======== Record set ========

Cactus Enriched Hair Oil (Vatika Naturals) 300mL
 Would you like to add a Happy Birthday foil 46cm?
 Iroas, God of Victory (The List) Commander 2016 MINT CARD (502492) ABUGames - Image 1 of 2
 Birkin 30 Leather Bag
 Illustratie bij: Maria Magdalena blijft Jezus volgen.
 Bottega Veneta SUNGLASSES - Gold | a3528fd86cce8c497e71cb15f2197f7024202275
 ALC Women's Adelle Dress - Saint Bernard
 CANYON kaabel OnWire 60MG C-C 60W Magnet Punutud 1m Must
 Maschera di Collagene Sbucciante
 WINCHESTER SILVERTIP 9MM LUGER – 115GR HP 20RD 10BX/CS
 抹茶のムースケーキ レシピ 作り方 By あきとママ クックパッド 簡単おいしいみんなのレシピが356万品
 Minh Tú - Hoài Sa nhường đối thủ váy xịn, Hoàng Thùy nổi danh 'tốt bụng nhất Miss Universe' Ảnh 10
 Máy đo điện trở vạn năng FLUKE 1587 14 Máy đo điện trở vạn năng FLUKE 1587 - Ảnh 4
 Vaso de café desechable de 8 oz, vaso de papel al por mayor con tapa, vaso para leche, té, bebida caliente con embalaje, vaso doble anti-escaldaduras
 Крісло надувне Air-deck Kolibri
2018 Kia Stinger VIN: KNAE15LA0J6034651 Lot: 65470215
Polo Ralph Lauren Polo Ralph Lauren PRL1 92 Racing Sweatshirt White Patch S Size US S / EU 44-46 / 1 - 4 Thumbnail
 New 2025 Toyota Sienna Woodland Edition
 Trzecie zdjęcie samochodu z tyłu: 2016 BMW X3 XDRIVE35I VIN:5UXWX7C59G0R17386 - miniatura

========

Task statement: From the first line to the last, restate the data above exactly.

Written response:
Cactus Enriched Hair Oil (Vatika Naturals) 300mL
 Would you like to add a Happy Birthday foil 46cm?
 Iroas, God of Victory (The List) Commander 2016 MINT CARD (502492) ABUGames - Image 1 of 2
 Birkin 30 Leather Bag
 Illustratie bij: Maria Magdalena blijft Jezus volgen.
 Bottega Veneta SUNGLASSES - Gold | a3528fd86cce8c497e71cb15f2197f7024202275
 ALC Women's Adelle Dress - Saint Bernard
 CANYON kaabel OnWire 60MG C-C 60W Magnet Punutud 1m Must
 Maschera di Collagene Sbucciante
 WINCHESTER SILVERTIP 9MM LUGER – 115GR HP 20RD 10BX/CS
 抹茶のムースケーキ レシピ 作り方 By あきとママ クックパッド 簡単おいしいみんなのレシピが356万品
 Minh Tú - Hoài Sa nhường đối thủ váy xịn, Hoàng Thùy nổi danh 'tốt bụng nhất Miss Universe' Ảnh 10
 Máy đo điện trở vạn năng FLUKE 1587 14 Máy đo điện trở vạn năng FLUKE 1587 - Ảnh 4
 Vaso de café desechable de 8 oz, vaso de papel al por mayor con tapa, vaso para leche, té, bebida caliente con embalaje, vaso doble anti-escaldaduras
 Крісло надувне Air-deck Kolibri
2018 Kia Stinger VIN: KNAE15LA0J6034651 Lot: 65470215
Polo Ralph Lauren Polo Ralph Lauren PRL1 92 Racing Sweatshirt White Patch S Size US S / EU 44-46 / 1 - 4 Thumbnail
 New 2025 Toyota Sienna Woodland Edition
 Trzecie zdjęcie samochodu z tyłu: 2016 BMW X3 XDRIVE35I VIN:5UXWX7C59G0R17386 - miniatura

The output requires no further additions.